[Start of Attachment]

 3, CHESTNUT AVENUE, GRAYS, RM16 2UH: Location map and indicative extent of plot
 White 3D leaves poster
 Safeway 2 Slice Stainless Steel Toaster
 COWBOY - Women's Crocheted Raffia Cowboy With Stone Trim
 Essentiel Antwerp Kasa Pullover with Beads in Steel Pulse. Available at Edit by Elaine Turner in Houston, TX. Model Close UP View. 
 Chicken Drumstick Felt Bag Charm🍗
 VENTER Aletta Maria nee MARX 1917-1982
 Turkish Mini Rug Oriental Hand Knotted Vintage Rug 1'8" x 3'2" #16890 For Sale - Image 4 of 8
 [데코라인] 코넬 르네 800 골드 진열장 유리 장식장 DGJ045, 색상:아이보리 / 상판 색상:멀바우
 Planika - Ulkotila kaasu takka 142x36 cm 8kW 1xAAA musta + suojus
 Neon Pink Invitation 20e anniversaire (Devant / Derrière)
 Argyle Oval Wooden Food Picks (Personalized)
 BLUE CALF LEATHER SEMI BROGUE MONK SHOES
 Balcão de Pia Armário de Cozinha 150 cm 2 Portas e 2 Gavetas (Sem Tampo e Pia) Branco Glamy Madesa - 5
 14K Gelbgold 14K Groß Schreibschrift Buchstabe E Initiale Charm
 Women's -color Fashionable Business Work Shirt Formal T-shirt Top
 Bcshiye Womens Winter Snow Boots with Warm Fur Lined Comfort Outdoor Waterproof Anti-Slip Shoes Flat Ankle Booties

[End of Attachment]

Each line of the data should be given back exactly.

• [TASK ANSWER]:
 3, CHESTNUT AVENUE, GRAYS, RM16 2UH: Location map and indicative extent of plot
 White 3D leaves poster
 Safeway 2 Slice Stainless Steel Toaster
 COWBOY - Women's Crocheted Raffia Cowboy With Stone Trim
 Essentiel Antwerp Kasa Pullover with Beads in Steel Pulse. Available at Edit by Elaine Turner in Houston, TX. Model Close UP View. 
 Chicken Drumstick Felt Bag Charm🍗
 VENTER Aletta Maria nee MARX 1917-1982
 Turkish Mini Rug Oriental Hand Knotted Vintage Rug 1'8" x 3'2" #16890 For Sale - Image 4 of 8
 [데코라인] 코넬 르네 800 골드 진열장 유리 장식장 DGJ045, 색상:아이보리 / 상판 색상:멀바우
 Planika - Ulkotila kaasu takka 142x36 cm 8kW 1xAAA musta + suojus
 Neon Pink Invitation 20e anniversaire (Devant / Derrière)
 Argyle Oval Wooden Food Picks (Personalized)
 BLUE CALF LEATHER SEMI BROGUE MONK SHOES
 Balcão de Pia Armário de Cozinha 150 cm 2 Portas e 2 Gavetas (Sem Tampo e Pia) Branco Glamy Madesa - 5
 14K Gelbgold 14K Groß Schreibschrift Buchstabe E Initiale Charm
 Women's -color Fashionable Business Work Shirt Formal T-shirt Top
 Bcshiye Womens Winter Snow Boots with Warm Fur Lined Comfort Outdoor Waterproof Anti-Slip Shoes Flat Ankle Booties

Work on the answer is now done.